Ya es un lugar común decir que en Estados Unidos el subsuelo y todo lo que contiene es del propietario del suelo. El que encuentra petróleo en su patio llama a la empresa petrolera y ambos firman un contrato. Pero aquí el subsuelo es del Estado, que concesiona el recurso natural a una empresa. Es así desde que fracasó hace décadas en explotarlo directamente mediante una empresa estatal. No obstante, es quien firma el contrato con la empresa privada. El poseedor del suelo, en cambio, no es propietario tampoco del suelo. El Estado no garantiza su propiedad. No le extiende un título ni ninguno de los requisitos que le permitirían a la comunidad negociar con la empresa de igual a igual.

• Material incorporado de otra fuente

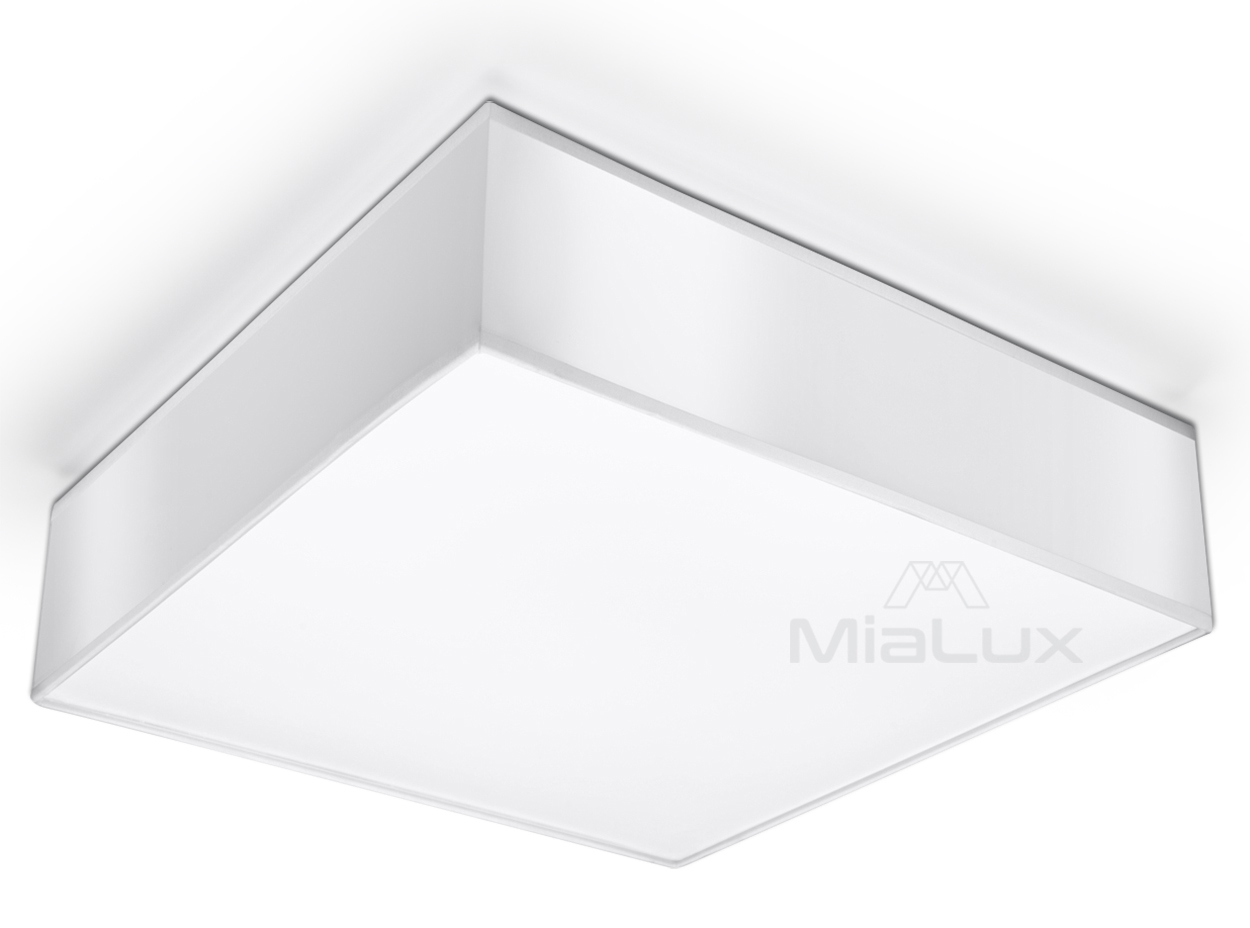 Plafon Sufit NAMCO 35 Biała Oprawa Kwadrat E27 LED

Desde el fracaso también de la reforma agraria cincuenta años atrás, la mayor parte de la tierra en el Perú sigue en un limbo, en la ambigüedad legal y en la incertidumbre. Más aún las tierras comunales. Y lo mismo el agua. Es un “patrimonio de la Nación”, pero sujeto a tutela. El Estado peruano no garantiza, pues, la propiedad ni de la tierra, ni del agua. Solo la del subsuelo, porque es de su propiedad. Que el agua, la tierra y el subsuelo estén sujetos a este régimen inicuo es lo que hace del Estado un botín que la demagogia y la dictadura se turnan en saquear.
Es urgente institucionalizar una política pública para el libre contrato entre las comunidades y las empresas. Una política de Estado que garantice la propiedad de la tierra y su puesta en valor con agua mediante una participación bien regulada en la renta de la explotación del recurso.
Solo cuando el Estado garantice la propiedad de los peruanos los recursos naturales bajo la tierra dejarán de ser el botín que la política saquea.